Exercise: From the records below, extract all the text exactly and leave the images behind.

== Supplied data

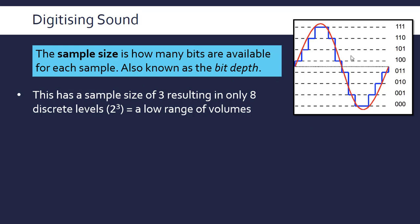This has a sample size of three, and this leaves us with only eight discrete levels of volume. So amplitude is loudness in sound waves, the height is loudness. So we only have 2 to the power of 3 discrete levels of loudness. Clearly, we have a low range of volume here. If we increase the sample size, we'll get a much more realistic range of volumes.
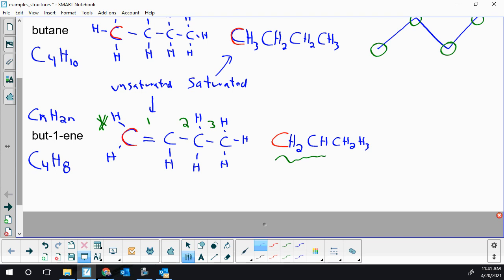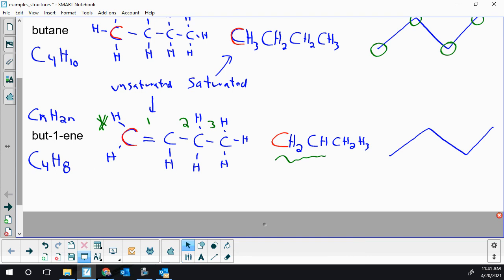For the line structure of but-1-ene, I drop the pen and go one, two, three, four as before, but the difference is we have a double bond in the first bond position. Line segments represent bonds: first bond, second bond, third bond. I add an extra line segment at the very beginning to show the double bond. Hs connected to carbon are not drawn in line structures.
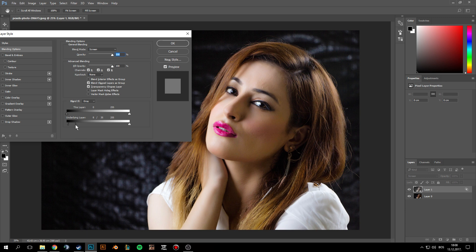This is making sure that the parts that should be dark will stay dark by doing this adjustment.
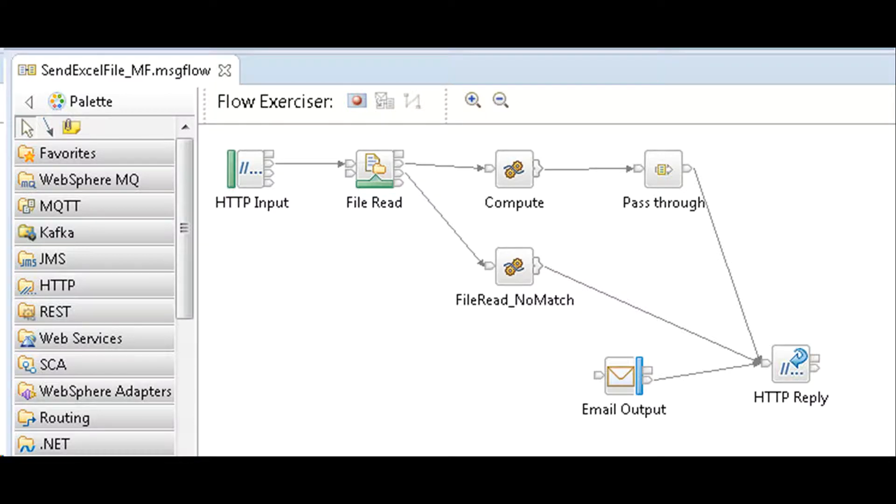Now we see the flow configured for local testing. Testing always should be in small steps that makes it easier for troubleshooting.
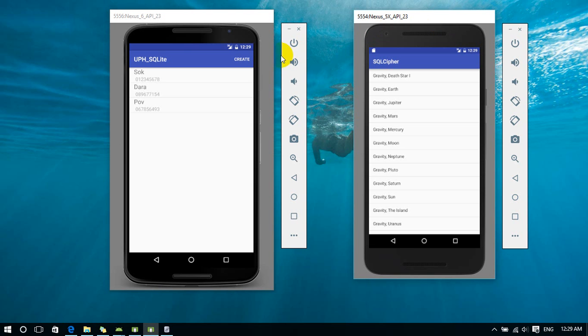But SQLite doesn't have that. So I'll show you how the database works.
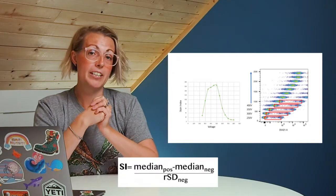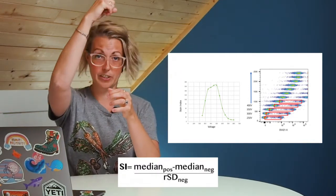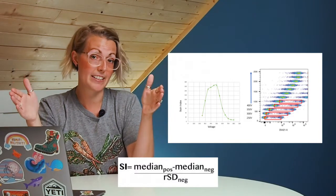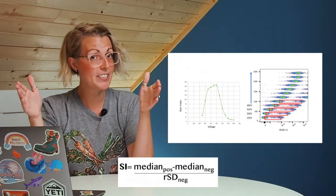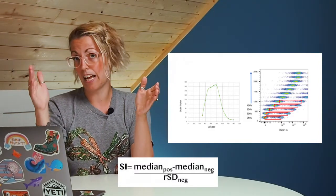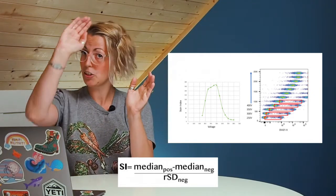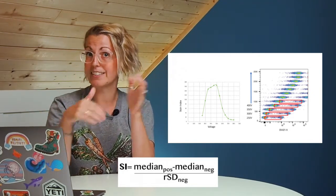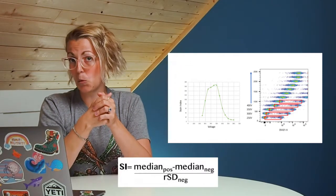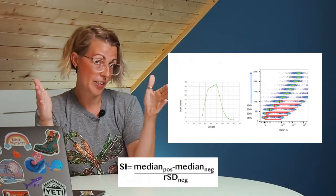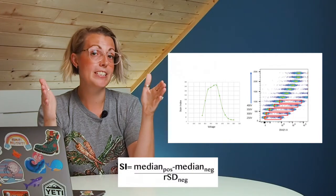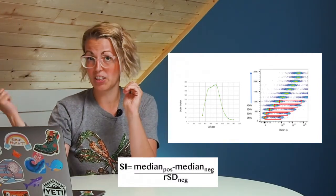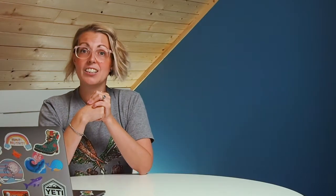As we increase the voltage, our stain index increases to a point because we've maximized the difference in signal between the negative and the positive. Then you'll see a turning point where we start to drop in stain index. This is the point where our background spread is starting to decrease that resolution. It's also the point where we've lost our positives and they're too bright, so it would not be an ideal voltage to be using.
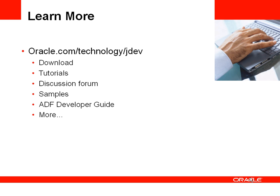If you'd like to learn more, you can go to the Oracle Technology Network at oracle.com/technology/jdev. Thank you very much for listening.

====

Response to this exercise:
This has a sample size of three, and this leaves us with only eight discrete levels of volume. So amplitude is loudness in sound waves, the height is loudness. So we only have 2 to the power of 3 discrete levels of loudness. Clearly, we have a low range of volume here. If we increase the sample size, we'll get a much more realistic range of volumes.
For the line structure of but-1-ene, I drop the pen and go one, two, three, four as before, but the difference is we have a double bond in the first bond position. Line segments represent bonds: first bond, second bond, third bond. I add an extra line segment at the very beginning to show the double bond. Hs connected to carbon are not drawn in line structures.
This is making sure that the parts that should be dark will stay dark by doing this adjustment.
Now we see the flow configured for local testing. Testing always should be in small steps that makes it easier for troubleshooting.
But SQLite doesn't have that. So I'll show you how the database works.
As we increase the voltage, our stain index increases to a point because we've maximized the difference in signal between the negative and the positive. Then you'll see a turning point where we start to drop in stain index. This is the point where our background spread is starting to decrease that resolution. It's also the point where we've lost our positives and they're too bright, so it would not be an ideal voltage to be using.
If you'd like to learn more, you can go to the Oracle Technology Network at oracle.com/technology/jdev. Thank you very much for listening.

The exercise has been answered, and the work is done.